Konkret könnte das bedeuten: Eine dreigruppige Kita mit 60 Plätzen und 48 Wochenstunden Betreuung reduziert diese auf 43,2 Stunden und kann dadurch sechs zusätzliche Kinder im VÖ-Bereich (verlängerte Öffnungszeit) aufnehmen, das sind zwei Kinder pro Gruppe. Noch deutlicher wird der Effekt bei einer großen Einrichtung mit 110 Plätzen, die künftig durch Reduzierung der Öffnungszeiten um fünf Wochenstunden elf zusätzlichen Kindern einen VÖ-Platz geben könnte.
Und was machen Familien, denen das zeitlich nicht mehr reicht? Dazu sagt Rüdiger Singer, Abteilungsleiter Jugendhilfeplanung im Sozial- und Jugendamt: „Man muss lange suchen, um andere Kommunen zu finden, die 50 Wochenstunden Betreuung anbieten.
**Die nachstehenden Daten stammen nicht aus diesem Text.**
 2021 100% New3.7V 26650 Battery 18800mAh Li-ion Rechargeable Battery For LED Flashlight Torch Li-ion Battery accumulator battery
Wir gehen runter vom Deluxe-Paket auf Normalniveau.“
Außerdem bräuchten viele Familien keine Betreuung bis 17 Uhr, müssten aber den Ganztag buchen, weil andere Modelle nicht ausreichen. Das bestätigt Dania Nikisch, Leiterin des Kinderhauses Chérisy: „Am stärksten nachgefragt ist die verlängerte Öffnungszeit. Unser Auftrag ist es, die Arbeitszeit der Eltern abzudecken. Wenn Kinder bis 17 Uhr in der Kita sind, bringt es den Eltern mehr Flexibilität, aber nicht alle arbeiten so lange.“

Zehn Einrichtungen sollen vorangehen
Dennoch ist den Verantwortlichen bewusst, dass es immer Familien geben wird, die die volle Betreuungszeit brauchen. „Deshalb soll das 10-für-10-Konzept auch nicht überall umgesetzt werden, sondern zunächst in zehn Einrichtungen unterschiedlicher Träger ausprobiert werden“, sagt Alfred Kaufmann, Leiter des Sozial- und Jugendamts.
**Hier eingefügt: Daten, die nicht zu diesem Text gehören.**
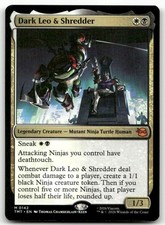 Dark Leo & Shredder Teenage Mutant Ninja Turtles MTG NM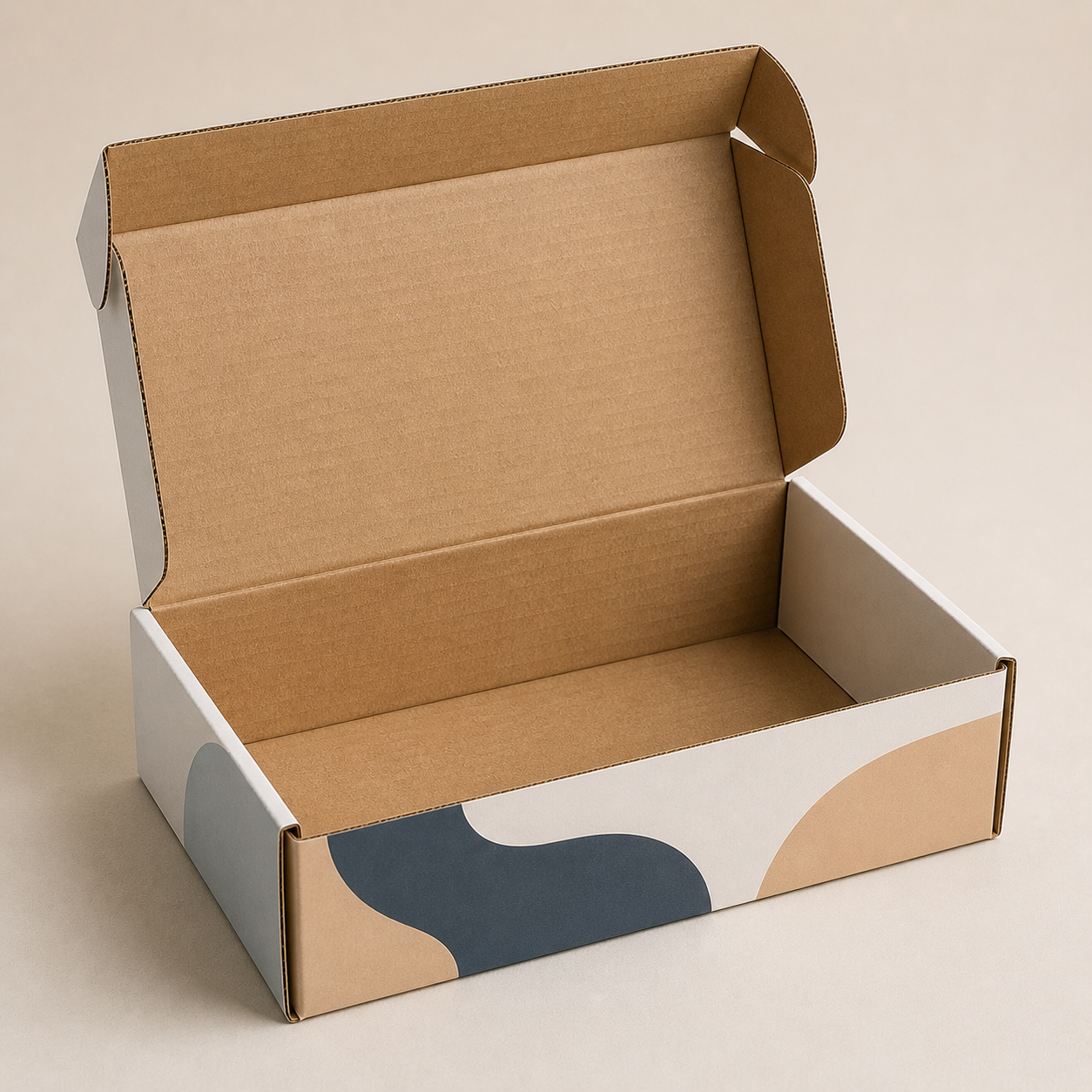corrugated material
Ein angedachtes Startdatum ist der 1. Januar 2026. „Wir nehmen den Eltern nicht den Ganztag weg“, betont Kaufmann. „In Konstanz gibt es dann immer noch 26 Ganztagseinrichtungen, die ihre Zeiten nicht strukturell kürzen.“ Das Projekt soll, falls es umgesetzt wird, zwei Jahre lang evaluiert und anschließend neu bewertet werden.
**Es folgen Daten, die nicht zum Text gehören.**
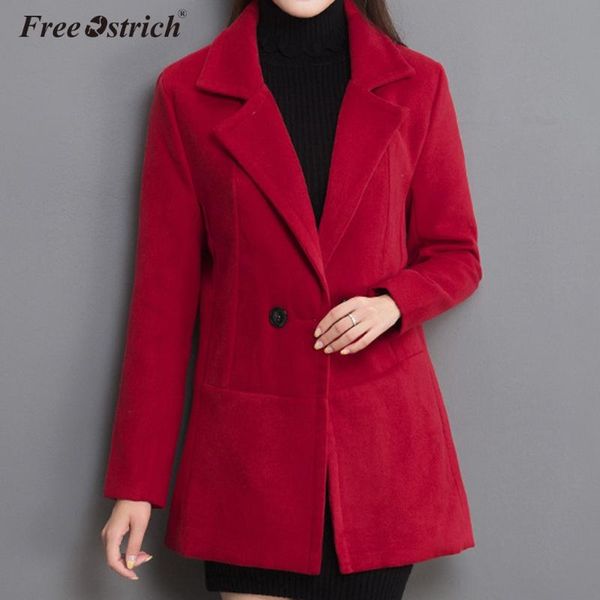 ostrich women jacket elegant office lady casual 2020 fashion autumn winter pockets solid overwear basic jackets coat n30, Black;brown
ostrich women jacket elegant office lady casual 2020 fashion autumn winter pockets solid overwear basic jackets coat n30, Black;brown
Nicht alle Eltern finden die Idee gut
Doch nicht alle Eltern sehen in der Idee einen Kompromiss zwischen Familien, die künftig weniger Betreuungszeit bekommen, und solchen, die noch nie einen Platz erhielten. „Schon wieder trifft es uns Eltern, weil wir uns nicht wehren können“, lautet die Kritik von Konstanzer Familien. Alfred Kaufmann „kann die Unzufriedenheit total nachvollziehen“, wie er sagt. Dennoch gibt er zu bedenken: „Ständig Gruppen zu schließen, ist auch keine Lösung.“
Für Isabel Schlögl ist das Konzeptpapier ein Schritt aus der Handlungsunfähigkeit: „Diese Hilflosigkeit wollen wir doch alle nicht! Lasst uns einfach mal was ausprobieren. Wenn es nicht funktioniert, lassen wir es!“, sagt sie.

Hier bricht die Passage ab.